John Myrtle reviews Judith Godden’s Crown Street Women’s Hospital: A History, 1893-1983

Crown Street Women’s Hospital was deeply immersed in the life of inner-city Sydney for nearly 90 years. The hospital closed its doors on 31 March 1983 and, according to local historians, the last baby born there was its 273 569th.

Judith Godden, an academic historian with an extensive background of healthcare and social welfare research, has written a comprehensive history of the hospital. She is not the first author to recognise its special character: Ruth Park, for example, wrote in her memoirs about giving birth at Crown Street[1] and vividly recreated the hospital’s working class neighbourhood in her novels The Harp in the South and Poor Man’s Orange.

9781743318409It is remarkable that such a detailed hospital history should be written many years after the hospital’s closure. Given that so many of the principal figures in Crown Street’s history are now dead, the book is testament to Dr Godden’s skill and persistence in finding so many of the hospital’s staff and patients to tell their stories. As well, it is fortunate that the final Board of Directors at Crown Street ensured that a significant proportion of the hospital’s records would be lodged with the appropriate archival body, State Records NSW.

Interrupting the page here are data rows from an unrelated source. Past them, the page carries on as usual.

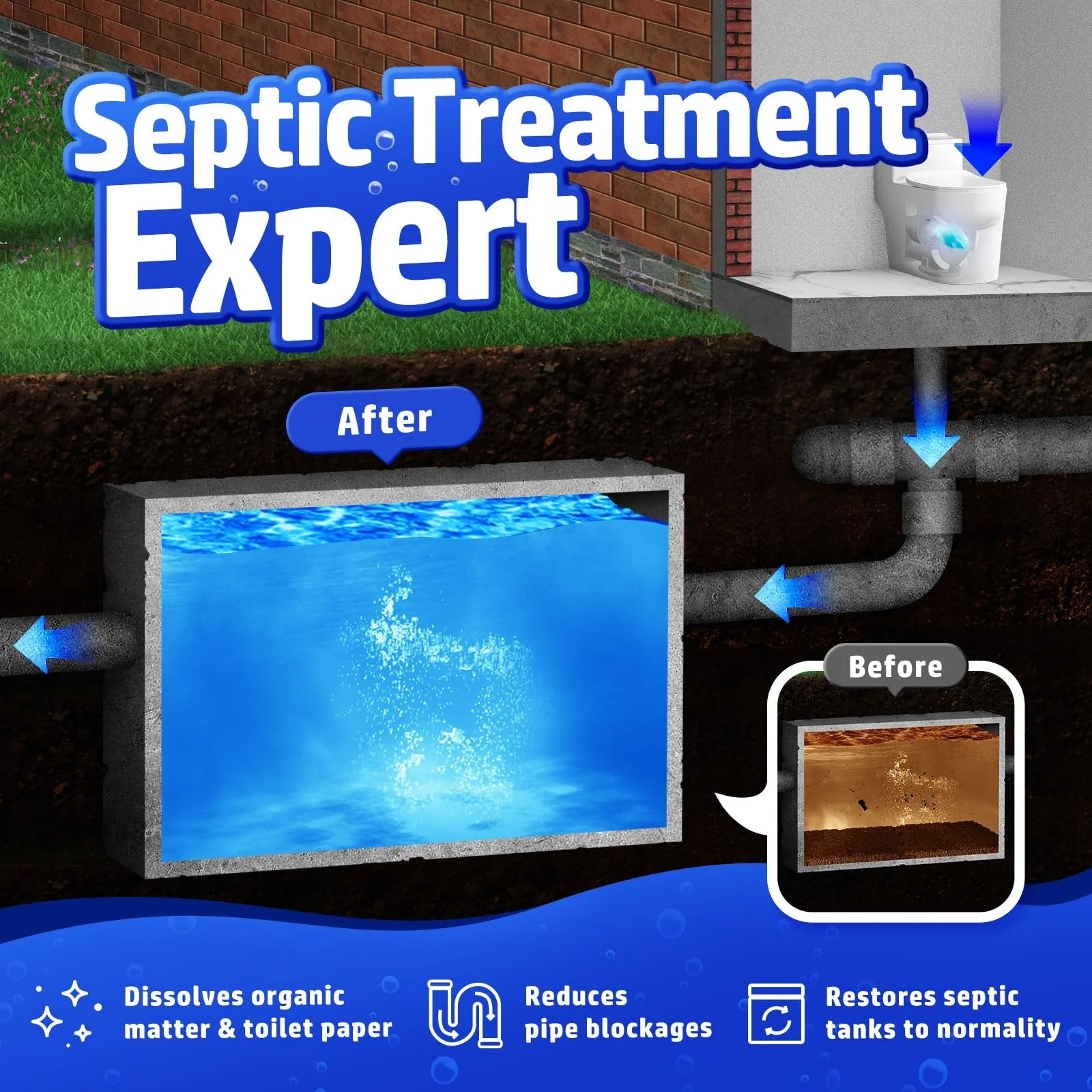 Vacplus Septic Tank Treatment - 24 Packs for 2-Year Supply, Bucket-Packed Septic Tank Treatment Packets, Dissolvable & Flushable Septic Tank Treatment Enzymes with Easy Operation for Wastes & Odors - Image 6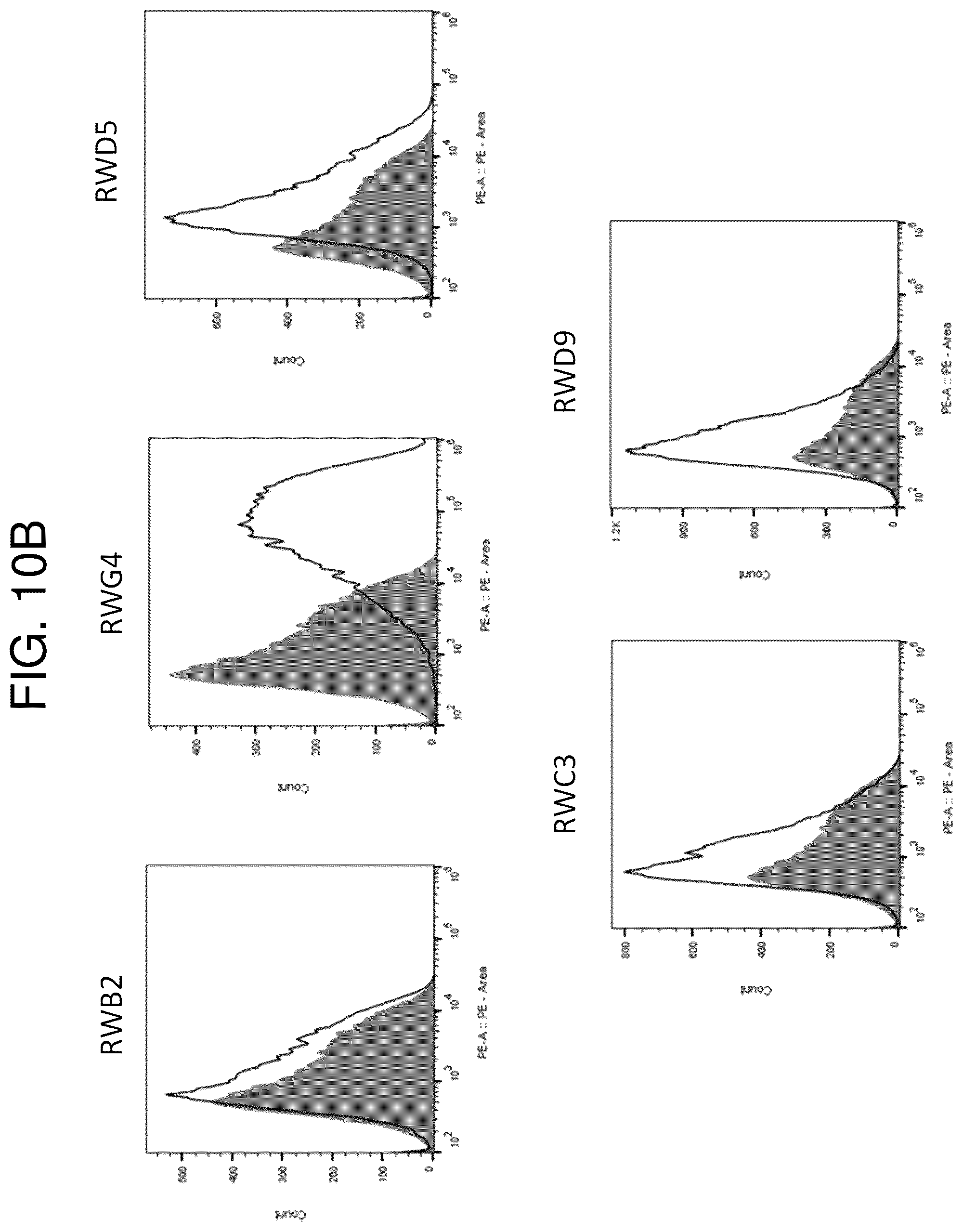 Patent US12552865 Figure 14 – High affinity nanobodies targeting B7-H3 (CD276) for treating multiple solid tumors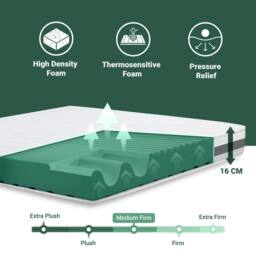 The White Stone Mattress with Antibacterial Waterfoam, 16 cm Height - 75 x 210 cm in White - Size: Small Single - thumbnail 5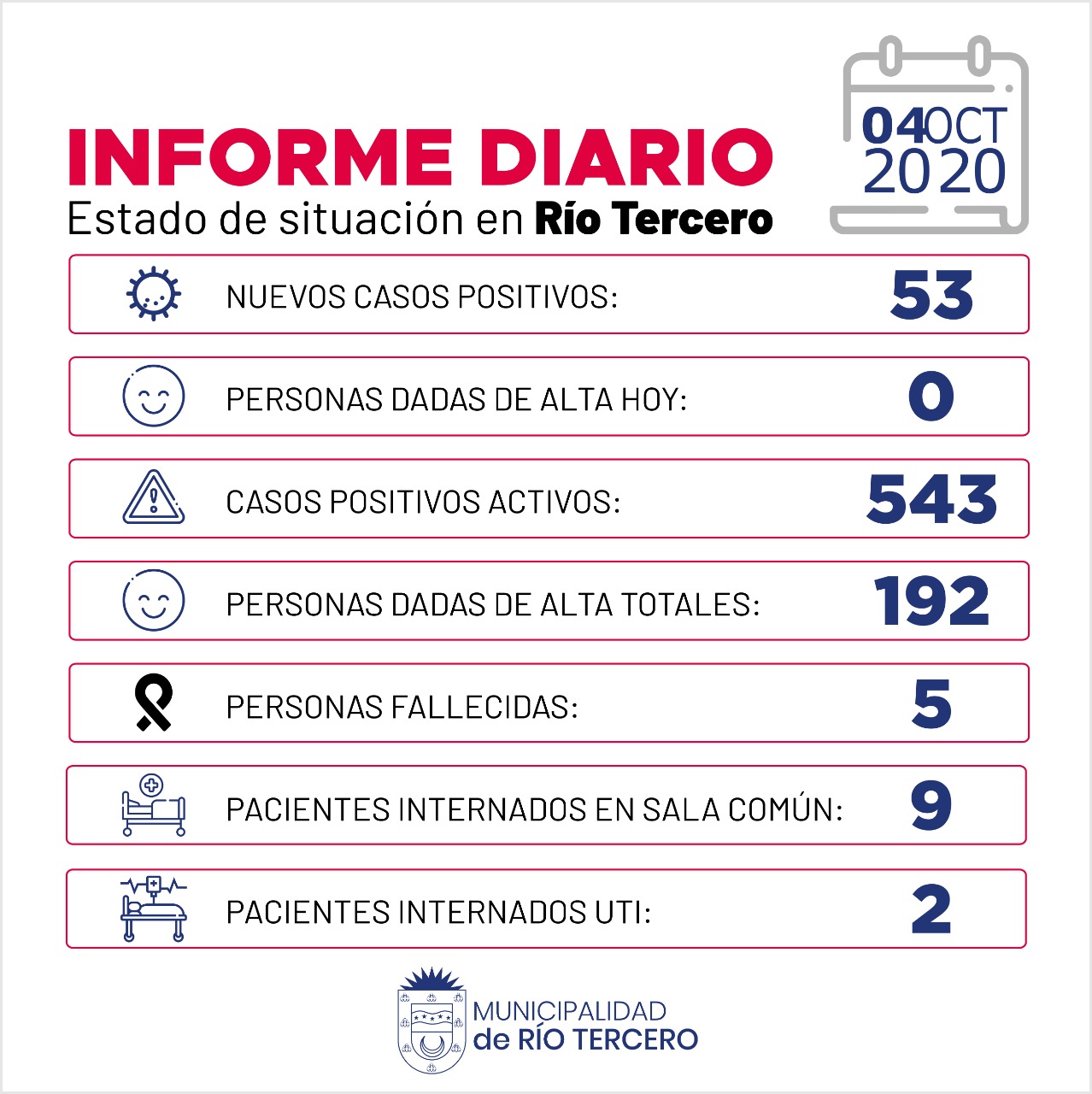 CORONAVIRUS: RÍO TERCERO SE REGISTRARON 53 CASOS POSITIVOS 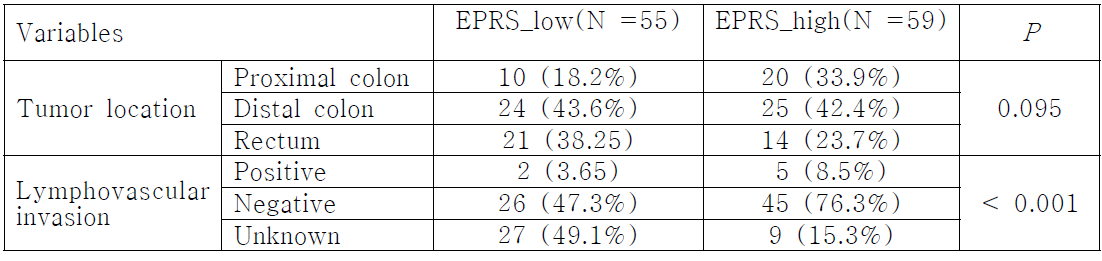 대장암 조직에서 EPRS의 세포질내 발현과 Tumor location, LVI의 관계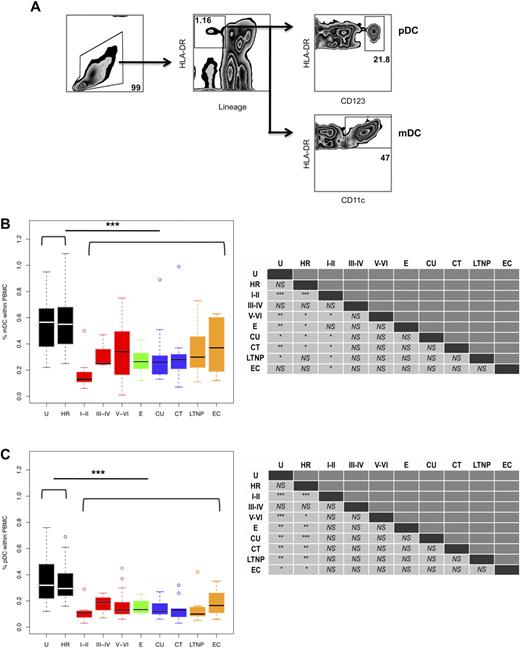 Figure 1. mDC and pDC frequencies are significantly reduced during HIV infection. (A) The percentages of mDCs and pDCs were calculated based on the following gating scheme. Total viable PBMCs were gated based on their forward and side scatter (left panel). After 4-color staining with anti-lineage (CD3, CD14, CD16, CD20, and CD56) and anti-HLA-DR antibodies, mDCs and pDCs were identified as lineage negative and HLA-DR positive cells (middle panel). Additionally, pDCs expressed CD123 (right top panel), while mDCs expressed CD11c (right bottom panel). The percentages of (B) mDCs and (C) pDCs within PBMCs in the following groups of subjects are shown: U, uninfected; HR, high risk; primary infection: Fiebig stages I-II (N = 11), III-IV (N = 3), and V-VI (N = 27); E, early established infection (N = 6); CU, chronic/untreated (N = 9); CT, chronic/treated (N = 9); LTNP, long-term nonprogressor (N = 8); and EC, elite controller (N = 6). Horizontal bars indicate the median values. Hollow dots represent outliers. The nonparametric Mann-Whitney U test was used to determine whether there were significant differences between subject groups in circulating DC frequencies and the results are summarized in the left panels. As indicated, DC frequencies in the HIV seronegative subjects (U plus HR groups) were significantly lower than those in all the HIV-infected subjects. The asterisks indicate P values: ***P < .001, **P < .01, and *P < .05; NS = not significant.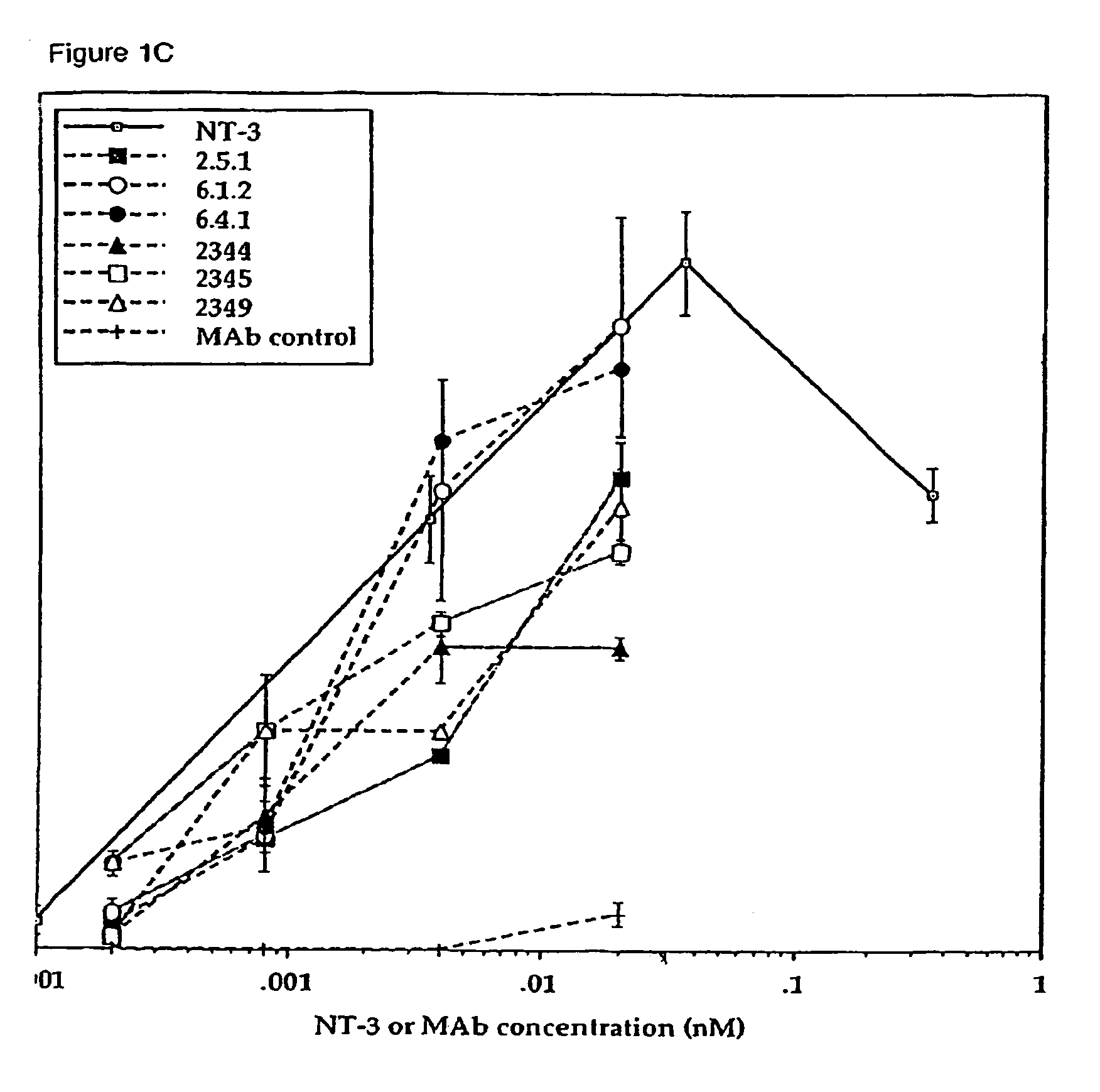 Methods for treating neuropathy by agonist anti-trk-C monoclonal antibodies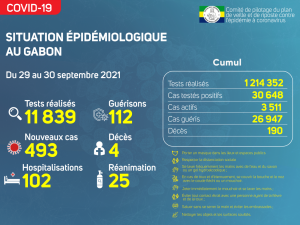 Coronavirus au Gabon&nbsp;: point journalier du 30 septembre 2021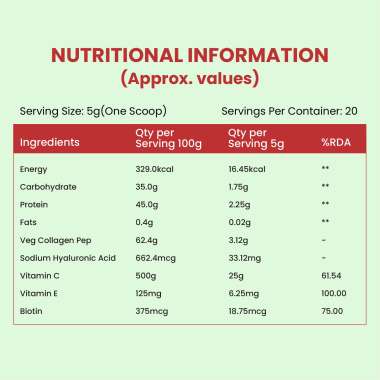 Vlado's Himalayan Organics: Vegan Collagen supplements - Advanced Marine Collagen Peptides - 100gm ( Watermelon Flavor )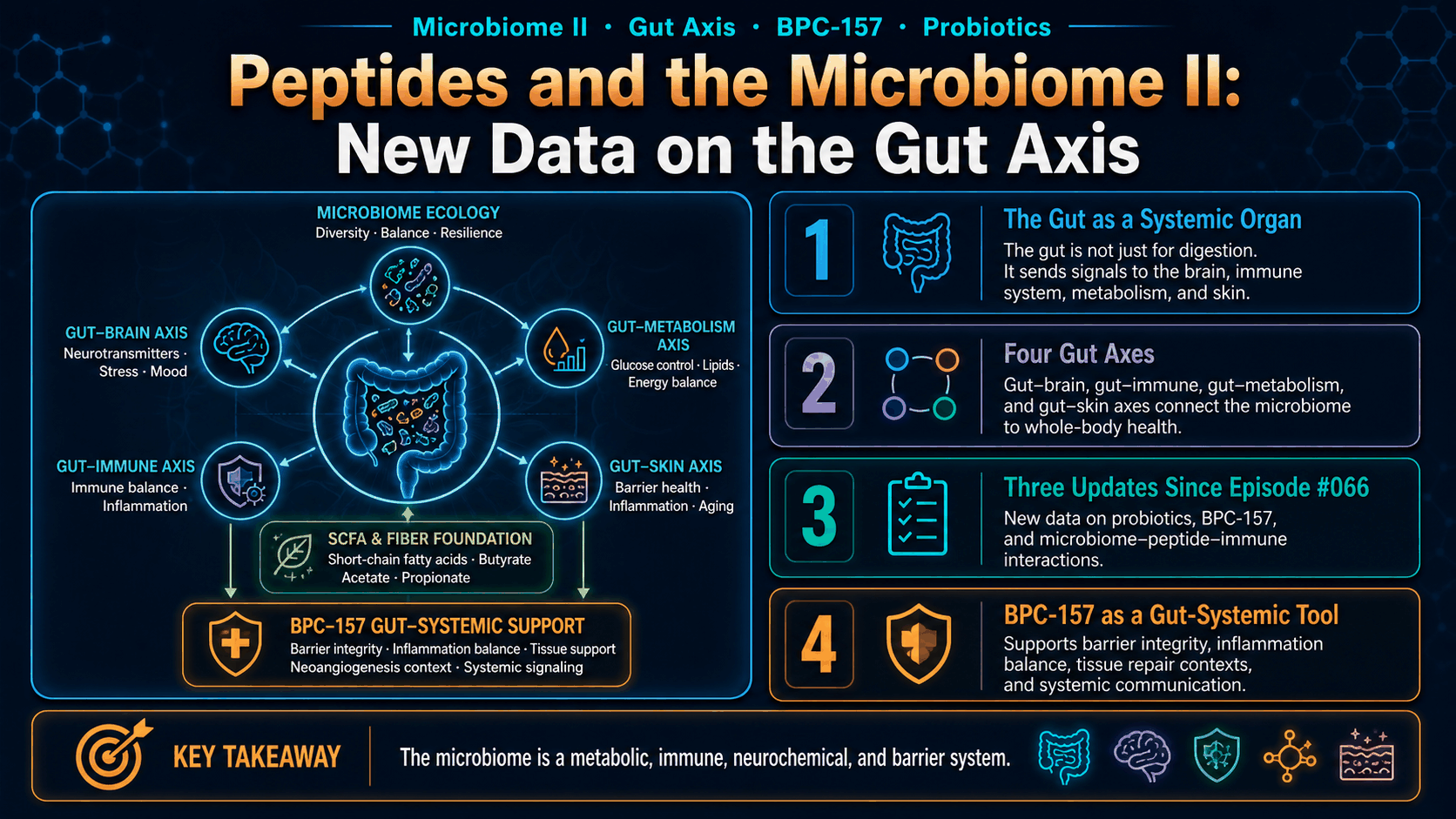 Peptides and the Microbiome II: New Data on the Gut Axis — image 1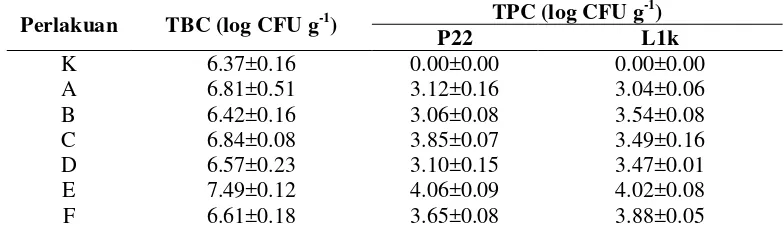 Tabel 2  Total bacterial count (TBC) dan total probiotic count (TPC) P22 & L1k pada saluran pencernaan ikan lele yang diberi probiotik dengan dosis dan frekuensi berbeda 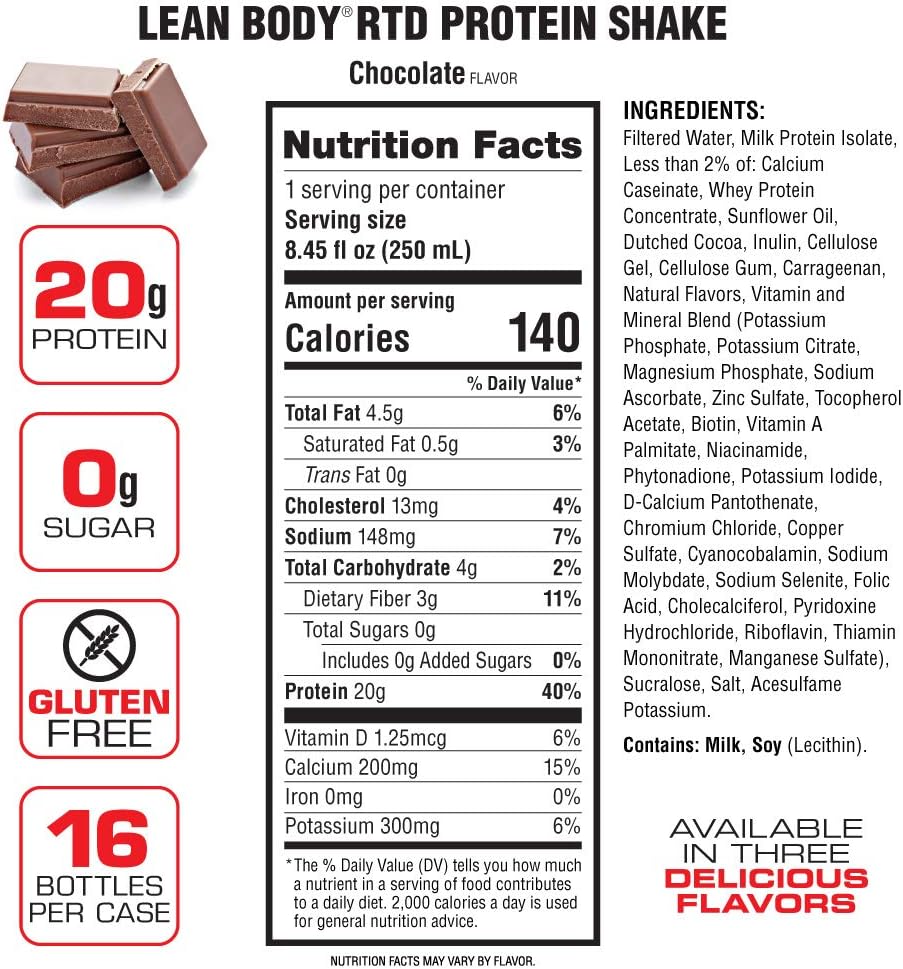 Labrada Nutrition Lean Body RTD Whey Protein Shake, On-The-Go Meal Replacement, 20g Protein, Zero Sugar - Chocolate (Pack of 16)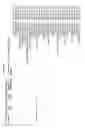 Fig. 44 - ALPHA TOXIN DETECTION OF GPI ANCHORED PROTEINS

The Mitchell Library at the NSW State Library also holds significant institutional and personal papers about the hospital. Dr Godden has mined all of this material exhaustively and the book includes many photographs that enhance the overall picture of the hospital.

While this is an institutional history, it is noteworthy that it has not been principally funded by an academic body or official organisation. Compare the Crown Street history with Janet McCalman’s prize-winning history of the Royal Women’s Hospital, Melbourne.[2] The Melbourne history, wider in scope than Judith Godden’s work, was funded from an Australian Research Council Fellowship, together with a large research grant within the University of Melbourne. Some of the funding for the Crown Street history came from the NSW Department of Health but the project was otherwise supported by private donations.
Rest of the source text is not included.